I realize this is a rather 'technical' explanation of the scene but I hope this has been of help for those looking for in home defensive measures to repel the hordes of Evil. Where such hordes are concerned half measures simply will not do.
Thank you for your time and interest.
for home defense I'd take a straight bore 12 gage any day.
In most any circumstance you might be in, concealment is all you are going to have.
Unless you carry around a concrete K-rail.
Most everything that looks solid in any building you will ever be in is "Disney" construction.
It is all veneer.
Older, high-quality billiards tables have at least an inch of slate in the top - as in hard stone. Similar to a battle-ship's angled hull, the effective thickness of that angled top is more like 1.25 inches.

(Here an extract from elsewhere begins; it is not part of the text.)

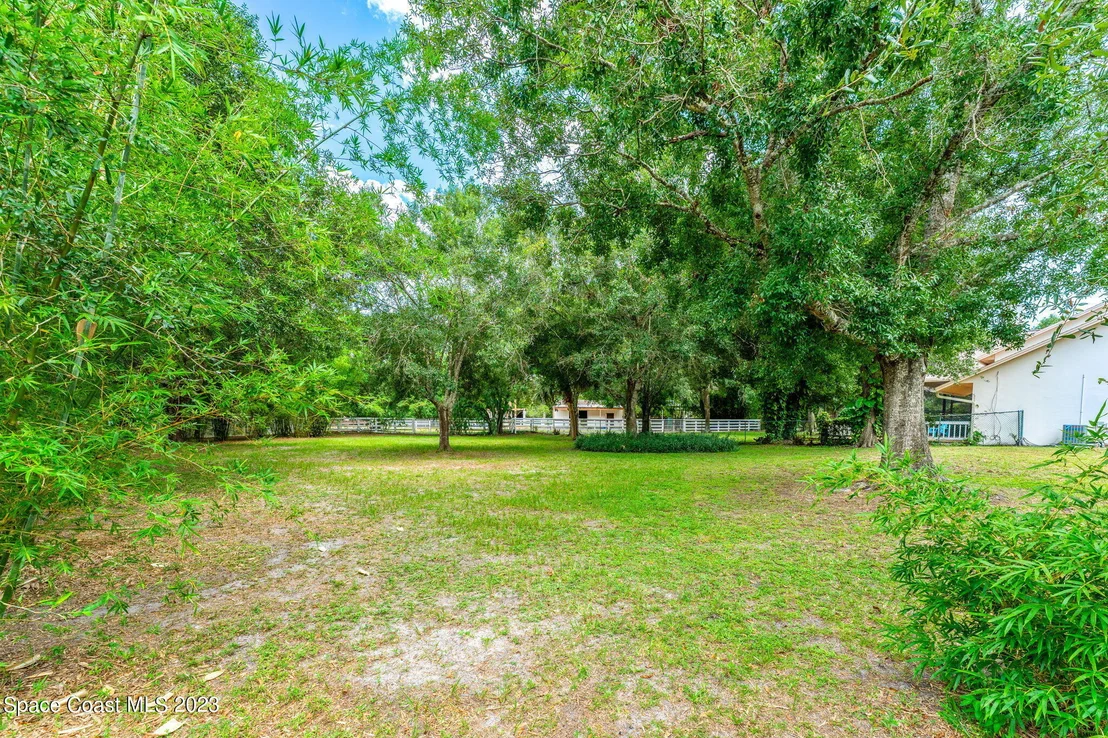 Photo of 2499 Hideaway Lane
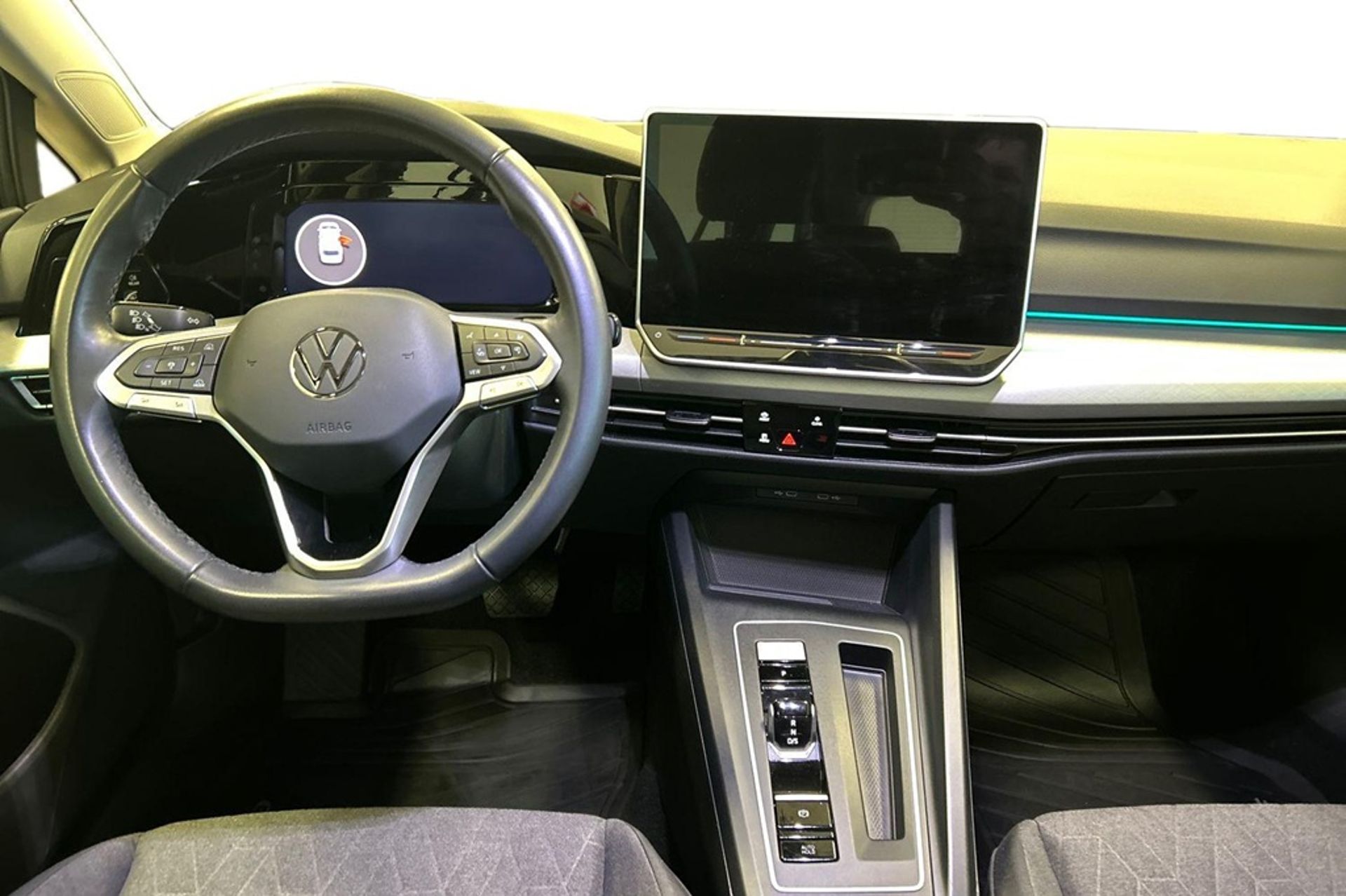 Volkswagen Golf 2025, bild 7/10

That would probably stop - or at least significantly slow - any pistol bullets.
Jon
"That would probably stop - or at least significantly slow - any pistol bullets."
And the angle would change the trajectory of any that penetrate, making it harder for the invaders to score a deliberate hit, too.
I have to know what this is from.
How's she hearing anything on the phone with all that racket going on?